* _PROBLEM REQUIREMENTS_
Repeat all entries word for word; skip images.
*** RECORDS FOR THE EXERCISE Section Begins ***
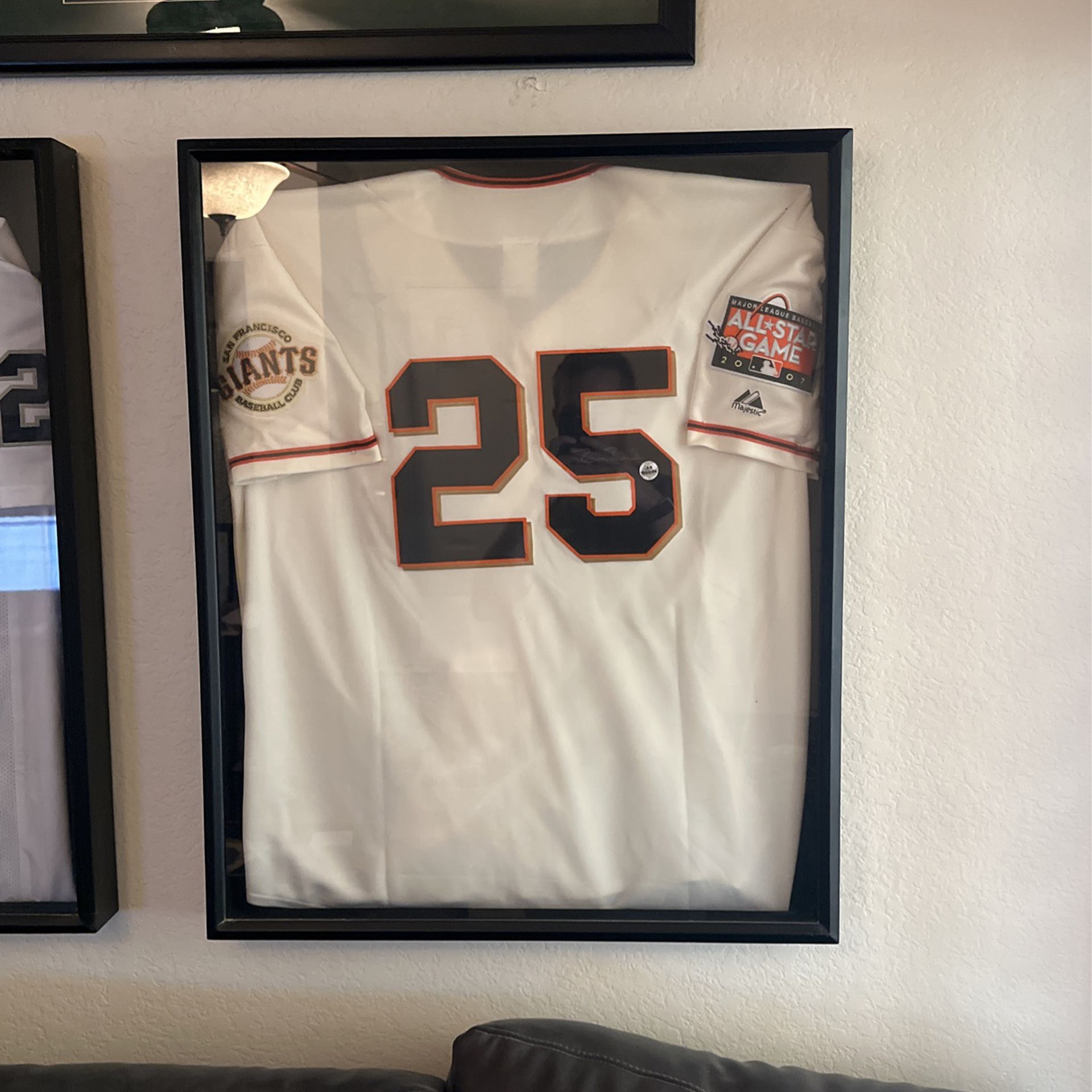 Framed Barry Bonds Autographed Jersey for Sale in Tempe, AZ - OfferUp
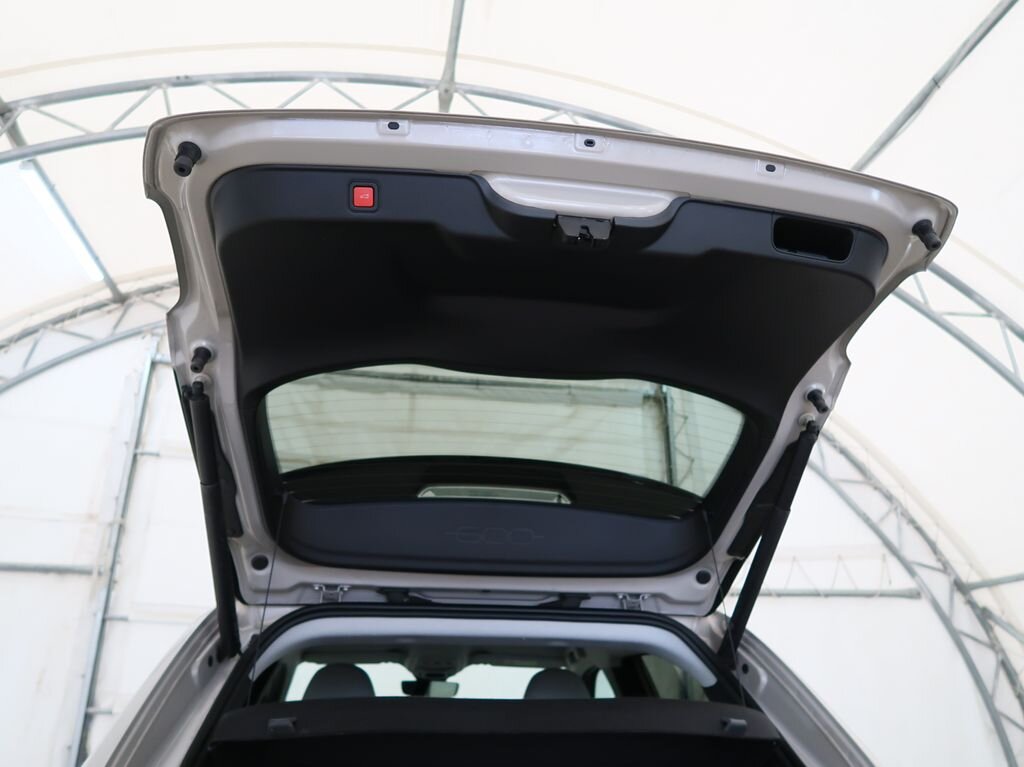 Fiat 600 Hatchback 1,2 l 100 kw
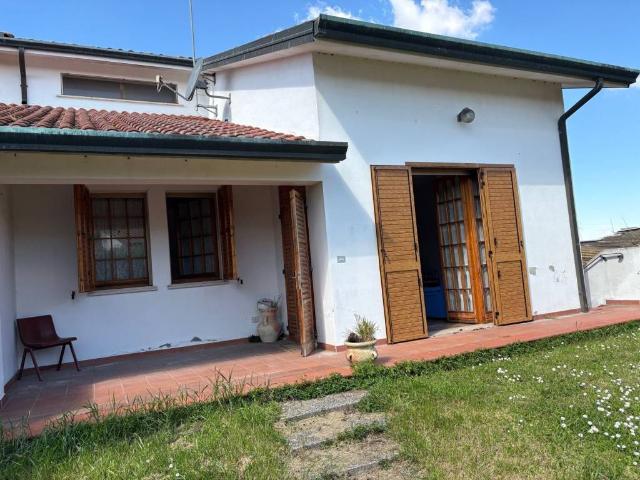 Villa in vendita a Tresignana FE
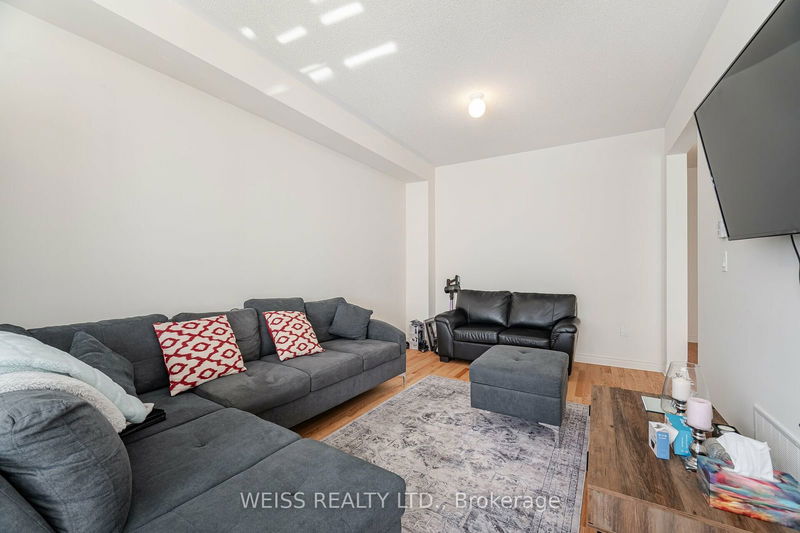 664 Fleetwood Dr  Oshawa, L1K 0A2 | Image 4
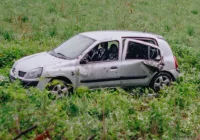 Dachowało Renault, dwie kobiety trafiły do szpitala - zdjęcie główne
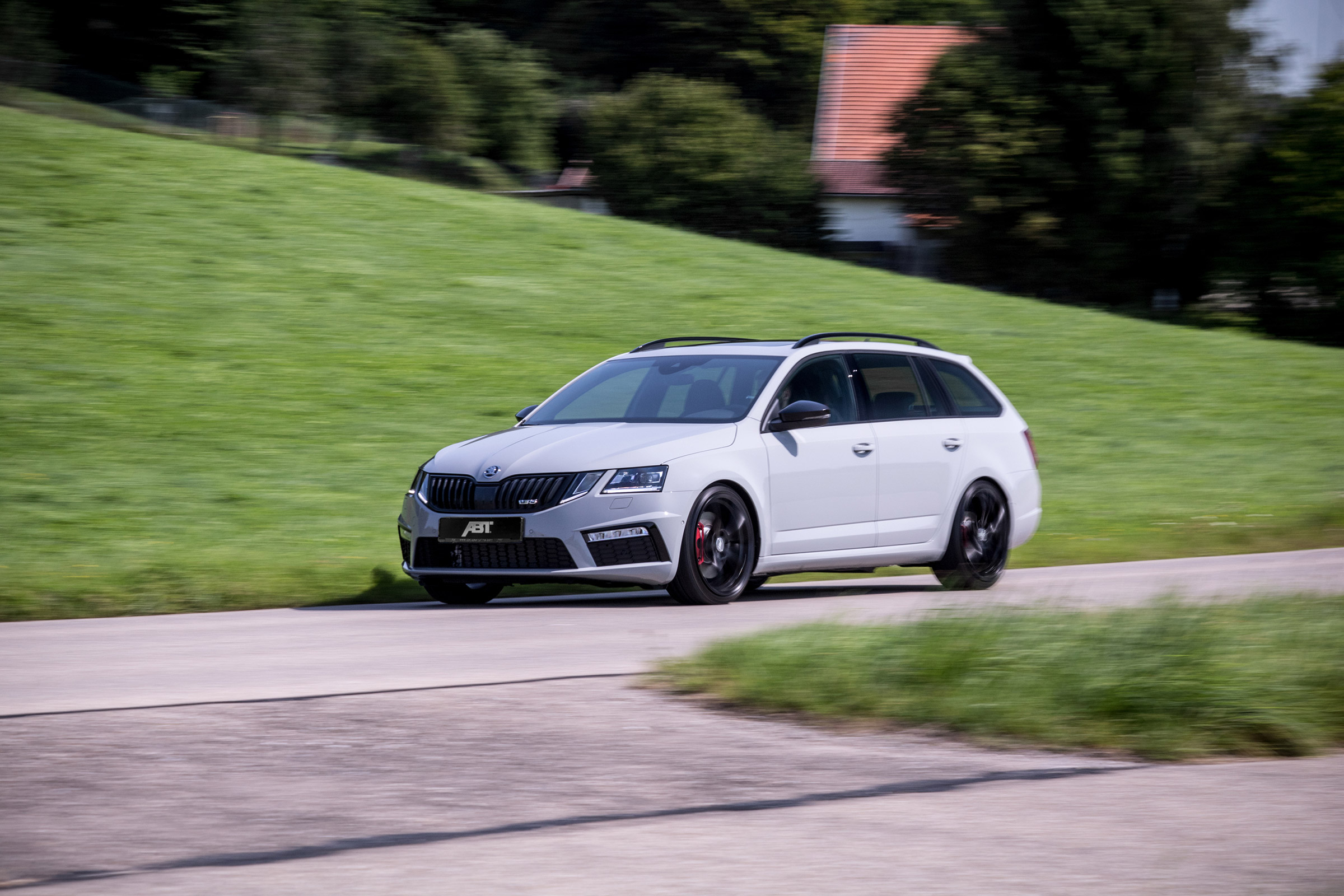 Abt Octavia vRS - front quarter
*** RECORDS FOR THE EXERCISE Section Ends ***
* _SOLUTION_
 Framed Barry Bonds Autographed Jersey for Sale in Tempe, AZ - OfferUp
 Fiat 600 Hatchback 1,2 l 100 kw
 Villa in vendita a Tresignana FE
 664 Fleetwood Dr  Oshawa, L1K 0A2 | Image 4
 Dachowało Renault, dwie kobiety trafiły do szpitala - zdjęcie główne
 Abt Octavia vRS - front quarter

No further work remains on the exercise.